Who Could Blame You For Thinking This About The Whole Bank Failure Thing?

Who could blame you for thinking what we're going to post now. We read the following during our daily perusal of financial reporting. You don't have to be particularly cynical for this to make a lot of sense.

“Goliath is winning,” Wells Fargo banking analyst Mike Mayo said in a research note on Monday as he singled out JPMorgan as a beneficiary “in these less certain times”.
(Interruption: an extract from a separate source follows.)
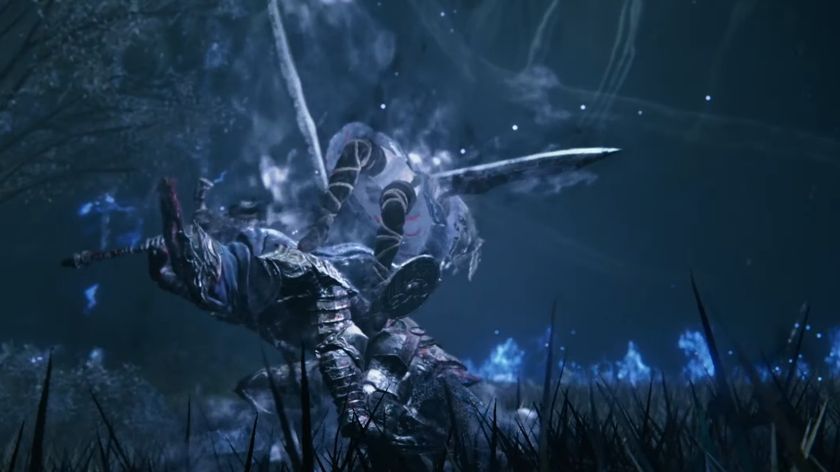 Artorias in Elden Ring Nightreign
None of that should be a surprise, and the real story behind the SIVB collapse emerged late last week when we reportedthat JPMorgan was seeking to convince some SVB customers to move their funds, in the process making the devastating and terminal SIVB bank run worse. Here is what we said:

Let us get this straight: the largest US commercial bank was actively soliciting the clients of one of its biggest competitors, and the 16th largest US bank, knowing full well deposit flight would almost certainly lead to the collapse of a bank which courtesy of fractional reserve banking, had only modest cash to satisfy deposit demands: certainly not enough to meet $42 billion in deposit outflows.

Of course, Jamie, who has suddenly emerged as a key figure in the Jeff Epstein scandal alongside Jes Staley, knows this, and would be delighted with an outcome that kills two birds with one stone: take his name off the front pages and also make JPMorgan even bigger. Actually three birds: remember it was JPM that started that "Not QE" Fed liquidity injection in Sept 2019 when the bank "suddenly" found itself reserve constrained. We doubt that JPM would mind greatly if Powell ended his rate hikes and eased/launched QE as a result of a bank crisis, a bank crisis that Jamie helped precipitate.

And while we wait to see if Dimon's participation in the Epstein scandal will now fade from media coverage, and whether Powell will launch QE, we know one thing for sure: JPM was a clear and immediate benefactor of SIVB's collapse because in a day when everything crashed, JPM stock was one of the handful that were up.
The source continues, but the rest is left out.